I was saved this embarrassment by the woman who leaned over to the driver and said, “Um, excuse me? Can we move along? We’ve already seen a bunch of giraffes.” The Jeep started, the giraffe ambled off, and we drove on in search of more interesting wildlife.
South African safaris involve less meaningless animal killing than they did in Hemingway’s day, but they are still basically the same: You are driven around the reserve by knowledgeable guides, who lead you to all of the places the animals like to hang out, and then when you see them, you shoot them. The only difference is it’s a camera doing the shooting. They even have held on to the tradition of hunting the fabled “Big Five,” the five animals that were traditionally the toughest to hunt and kill (the lion, the elephant, the black rhino, the cape buffalo, and the leopard), and are now, for whatever reason, the most exciting to see. A trip isn’t complete if you haven’t seen the “Big Five.”

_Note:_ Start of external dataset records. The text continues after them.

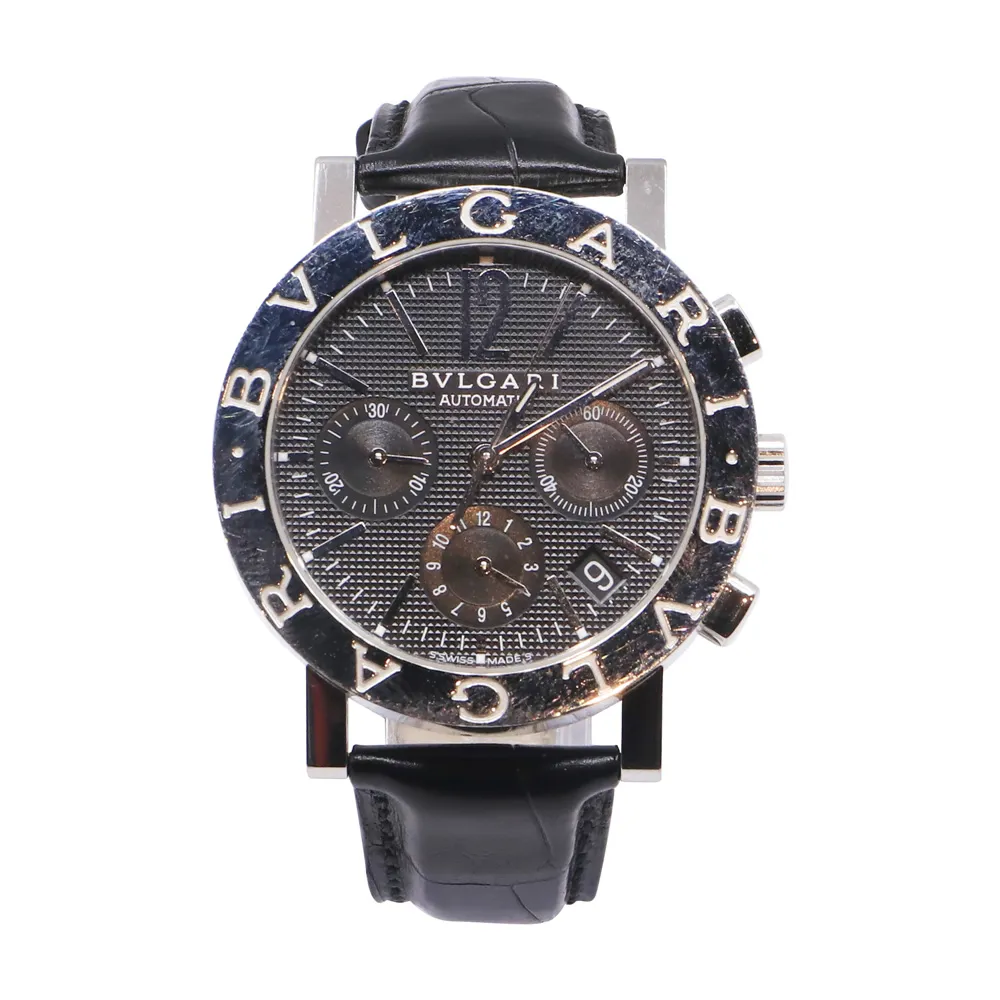 Bulgari Bulgari Bulgari BVLGARI 37mm Stainless steel Black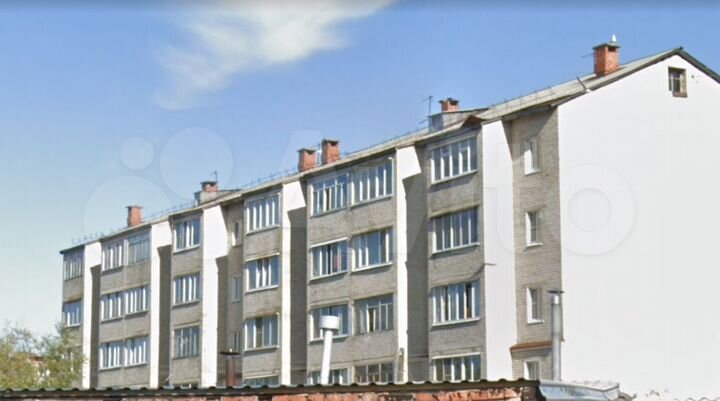 3-к. квартира, 60 м², 5/5 эт.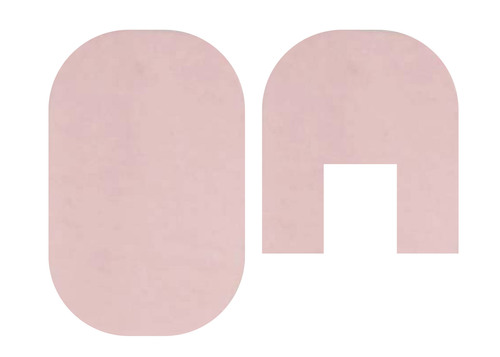 BATH RUGS/PINK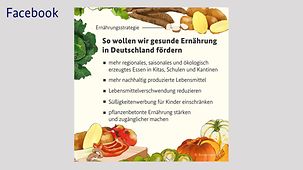Für alle Menschen in Deutschland soll es einfacher werden, sich gesund zu ernähren. Mehr Infos dazu: http://bpaq.de/ernaeungsstrategie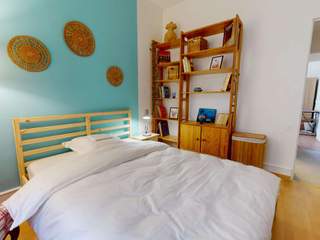Coliving / Appartement 6 pièces de 108 m², Paris, Rue de la Faisanderie
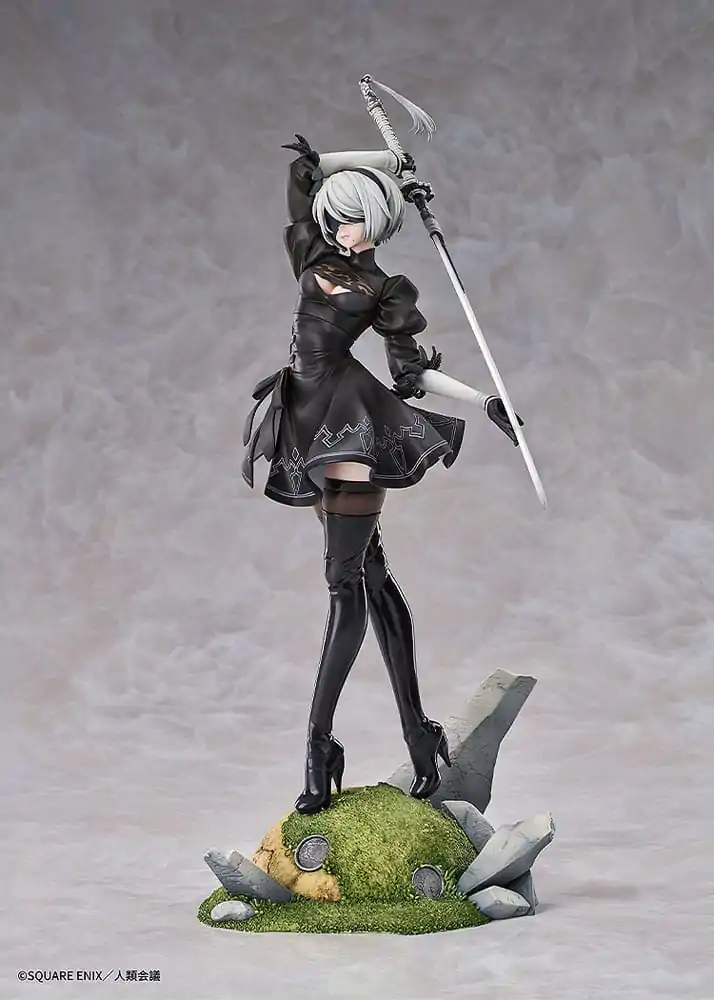 NieR: Automata Ver1.1a PVC figura 1/7 2B (YoRHa No.2 Type B) 30 cm fotografija proizvoda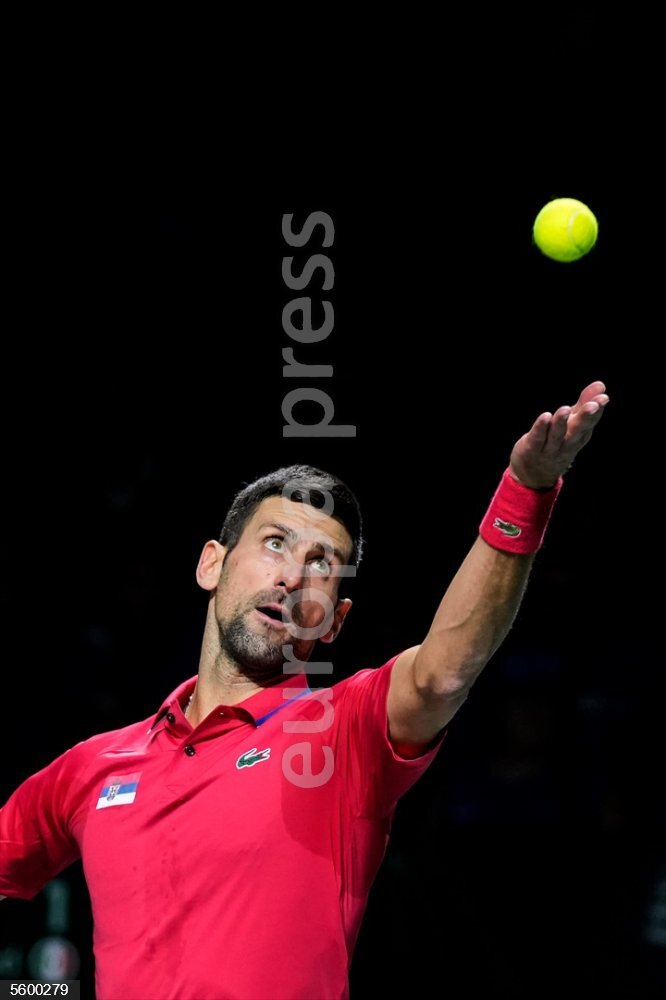 Italy v Serbia Davis Cup Finals 8 EUROPAPRESS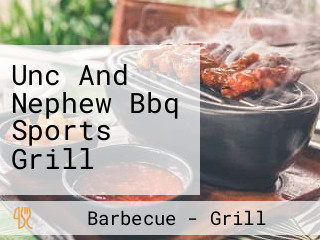 Unc And Nephew Bbq Sports Grill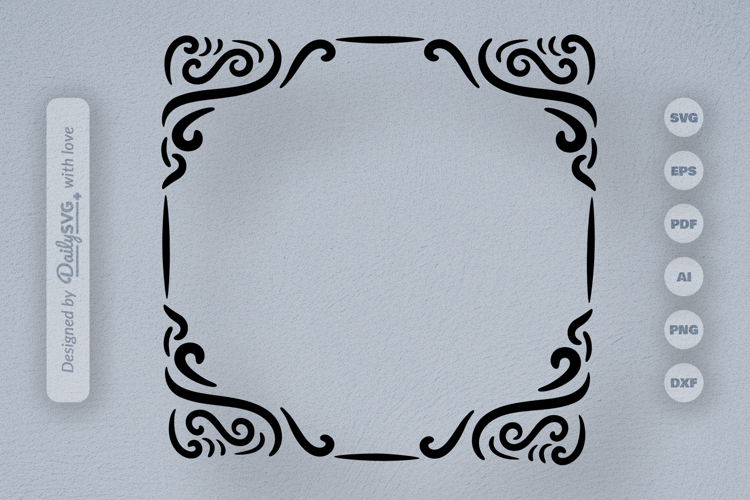 Picture Frame Border SVG
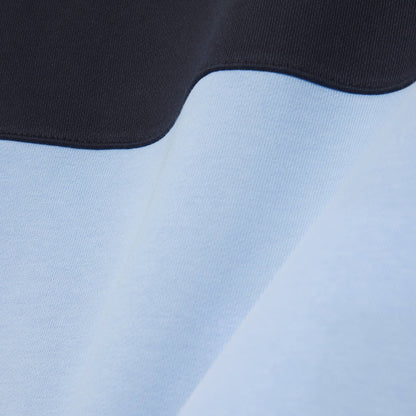 Colour-Block Fleece Sweatshirt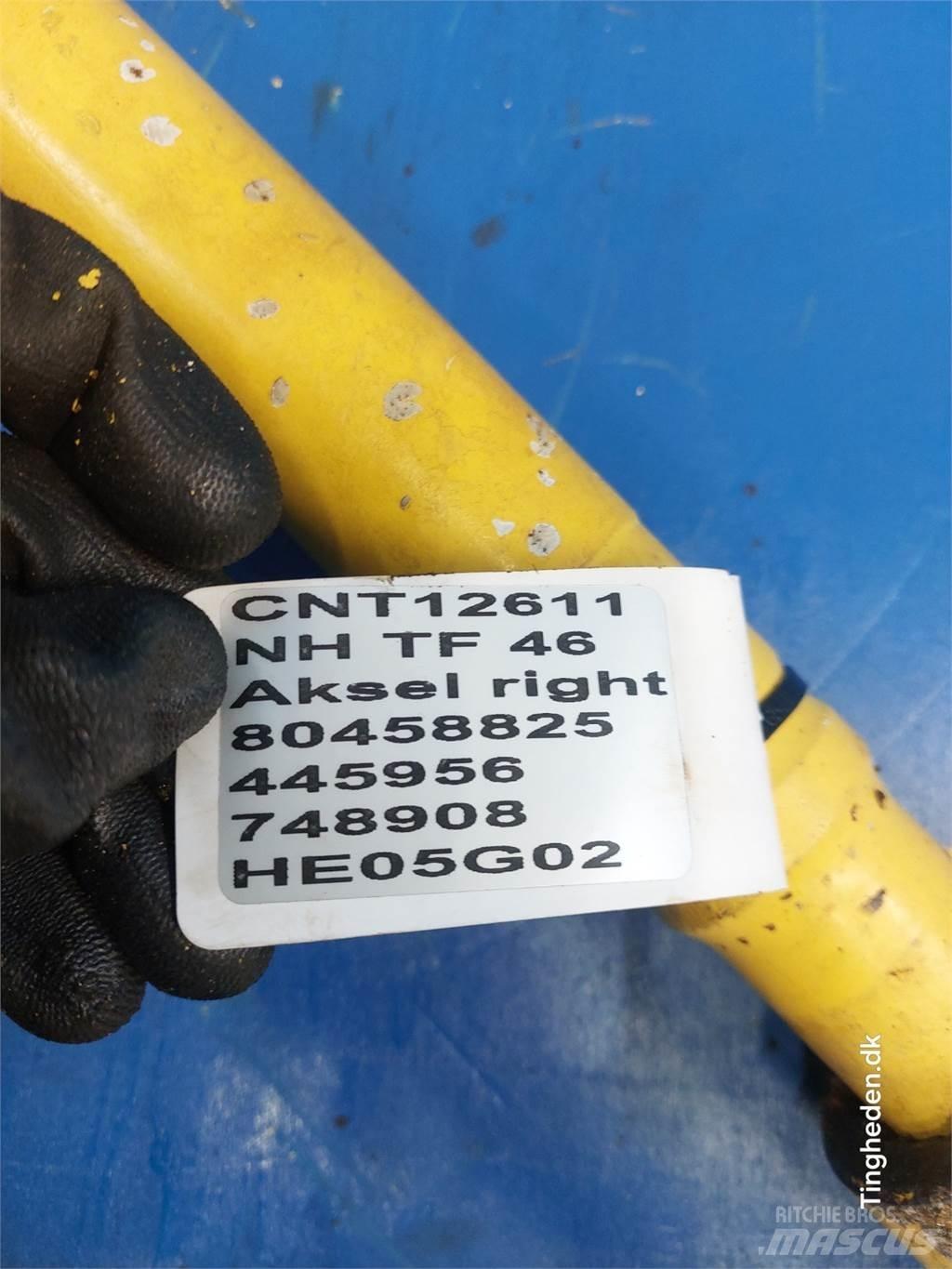 New Holland TF46 أجهزة نقل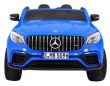 Auto Mercedes GLC 63S dla dzieci - Niebieski SUV + Napęd 4x4-3 7069 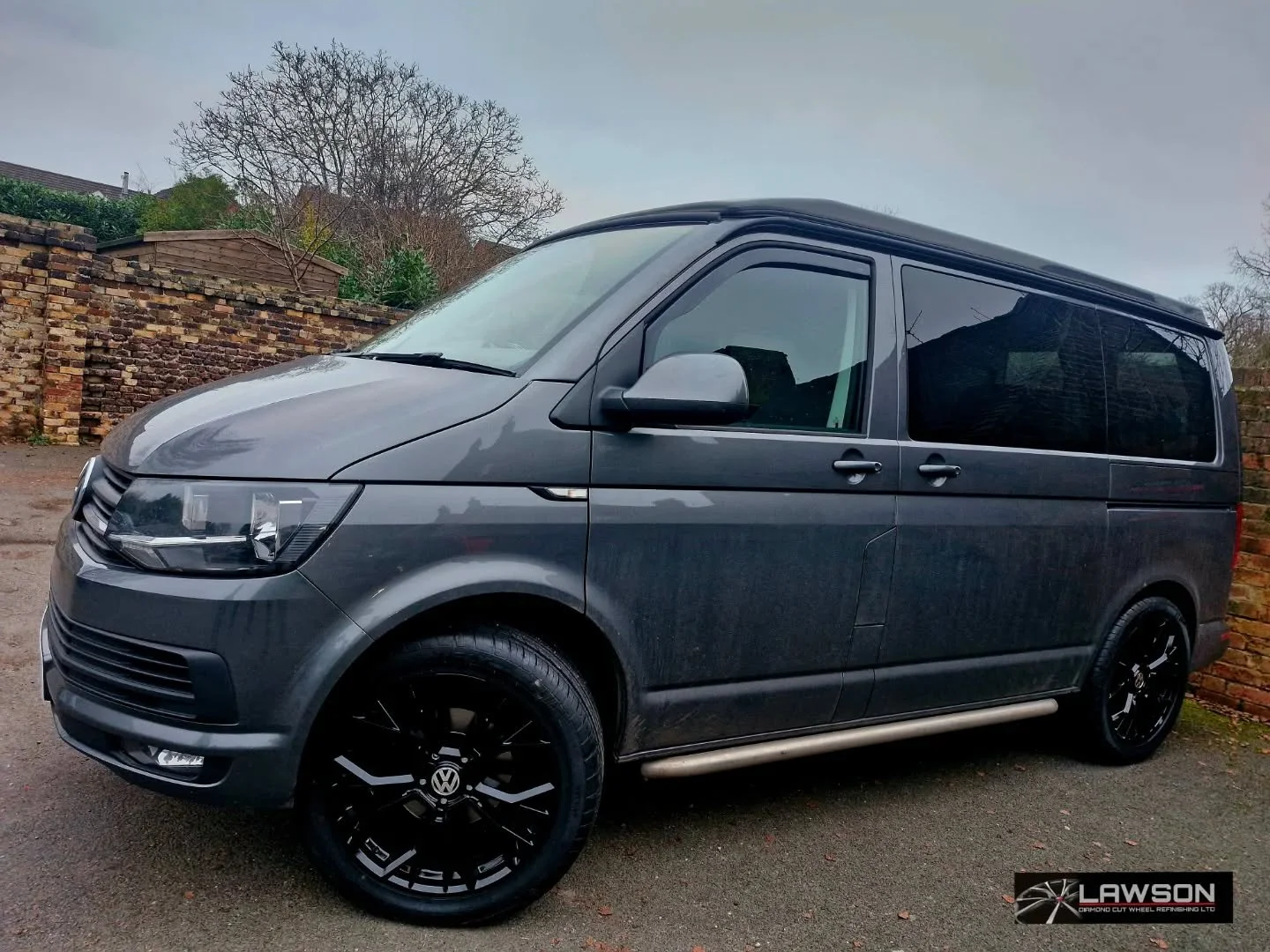 #WheelsAndTyres supplied and fitted on this #vwt6 today 👍

For all your Alloy Wheel Repair, New Wheel Sales and Valeting requirements ..
Contact us with the details below

We are based in 
#Overseal #Swadlincote 

☎️ Call/Message 
Matt or Cameron on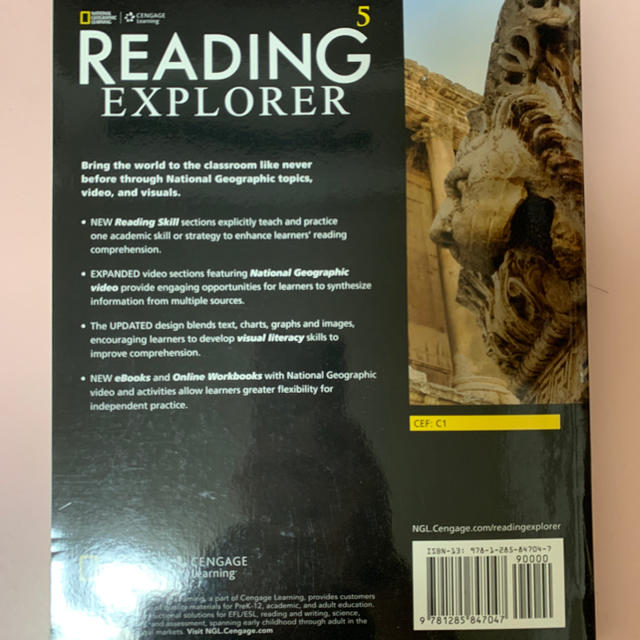 Reading Explorer 5 エンタメ/ホビーの本(洋書)の商品写真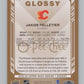 2023-24 Upper Deck OPC Glossy #R-2 Jakob Pelletier RC Rookie Flames  V102443 Image 2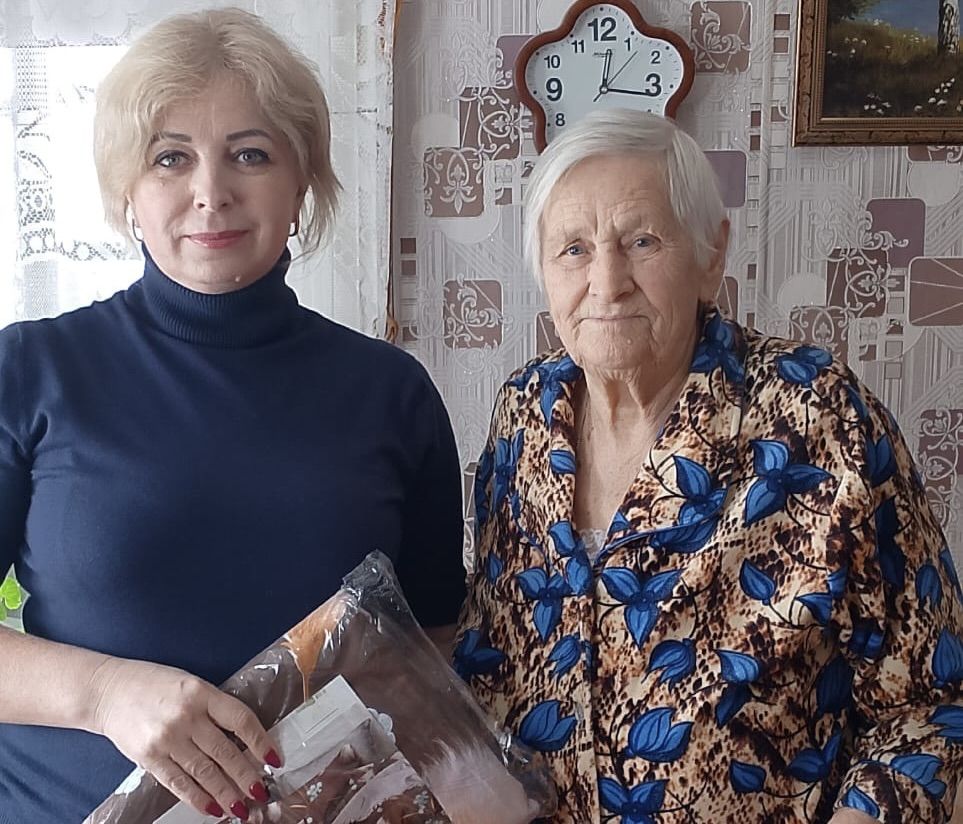 Жительница села Три Озера отметила 90-летие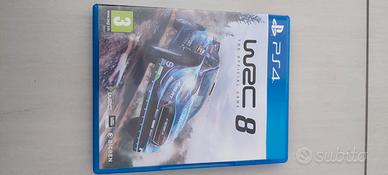 gioco PS4 WRC 8 tre official game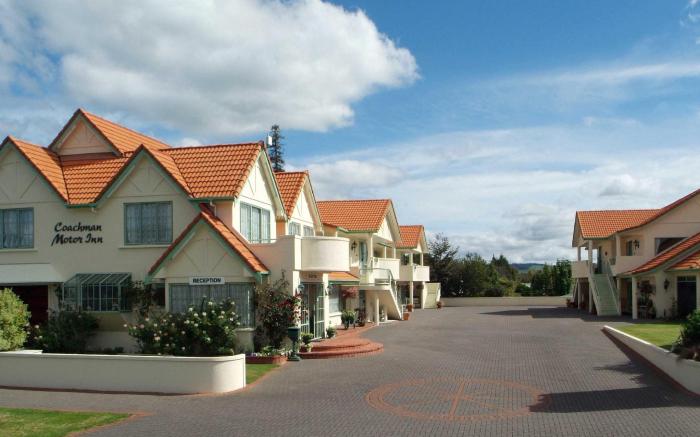 Rotorua Coachman Spa Motel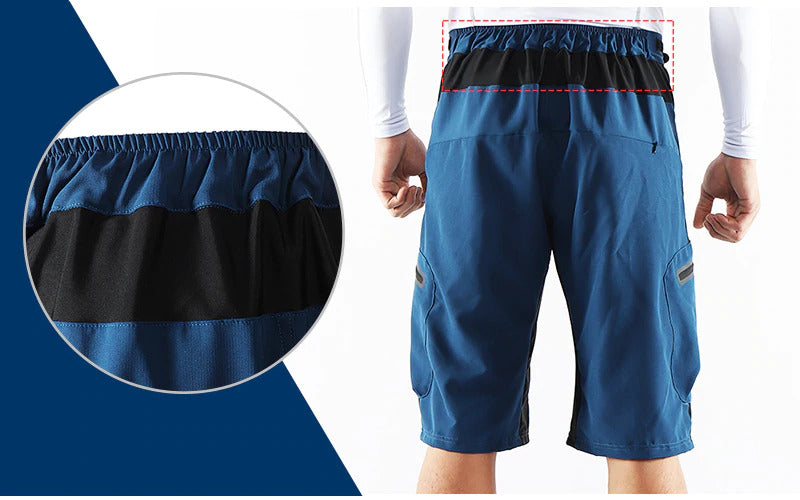 Herren Radhose Atmungsaktive Cycling Shorts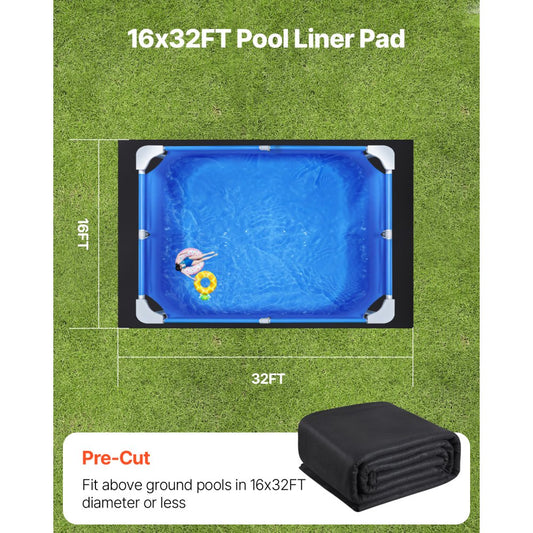 1632RE - Extra Thick Pool Liner Pad for Maximum Protection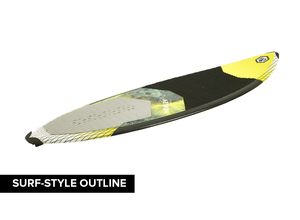 Aztron sao chổi phong cách mỏng Epoxy ván trượt 160cm/63 "cho hồ & sông lướt sóng Sản xuất tại Trung Quốc - Product Image 5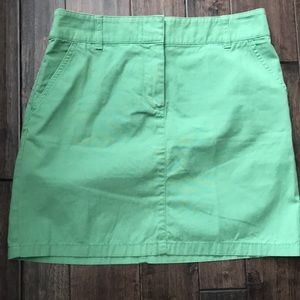 J. CREW 100% Cotton Skirt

I had been in South Africa’s Kruger National Park for about three days, and while I told myself I was there to witness nature’s majesty or some other weak shit, I was really there to pollute my Facebook feed with pictures of the “Big Five,” thus making my friends at home (the ones who hadn’t sunk 17 grand into an around-the-world study-abroad program) insanely jealous. The trip had been a wild success. I was getting so many likes.
So when the woman asked if we could move on from the giraffe, my first thought was, “Yeah, fuck this shit, I’ve got three hours of safari left and I still haven’t seen a leopard.” Four out of five was ridiculous. It simply would not do.
Then, an image popped into my head: the heads of a lion, an elephant, a rhino, and a cape buffalo mounted on my wall, with an empty mahogany plaque just beyond them. A brass plate on the empty plaque read, “Leopard,” and I sat across the room in a smoking jacket and a monocle, lamenting my failure to obtain the final trophy.
“Hoo boy,” I thought. “That’s not okay.” I tucked my camera in my bag and didn’t pull it back out for the rest of my visit.
My desire for souvenirs, trophies, and general documentation that I am an interesting person has long gotten in the way of actual travel for me. As a kid, I collected rocks, keychains, bottle openers, and t-shirts so I could show off my vacations to friends. When my parents bought me a camera, the souvenirs became photos. The problem was that photos required much more of my attention during the traveling itself, and I found that when I got home, the images in the photo had replaced the images in my memory. Photography allowed me to experience travel later, and not be present to it now.
Now, when I travel, I only take pictures when my parents’ emails become excessively hostile about the lack of photographic proof of my travels. I write instead. It’s impossible to write about something you’re distracted from. It’s why the literature on the experience of tying your shoes is so pathetically thin. When I started writing, my traveling instantly got better. My stories instantly got better. My memories became clearer. I no longer had the false memory of the photograph to fall back on.
Good photographers, of course, are fully present on their travels. They notice small details, and that’s what makes their photos so damn good. But most travel photographers are more along the lines of the parents in that atrocious Nokia Lumia commercial, which shows them fighting over getting the best smartphone view of their child’s recital, instead of just watching their kid perform like a decent fucking parent.
If you’re a good photographer, by all means, keep taking pictures. I need something to fuel my nostalgia addiction when I’m trapped in my cubicle at work. But if you’re not a great photographer, put down the camera. Enjoy the giraffe.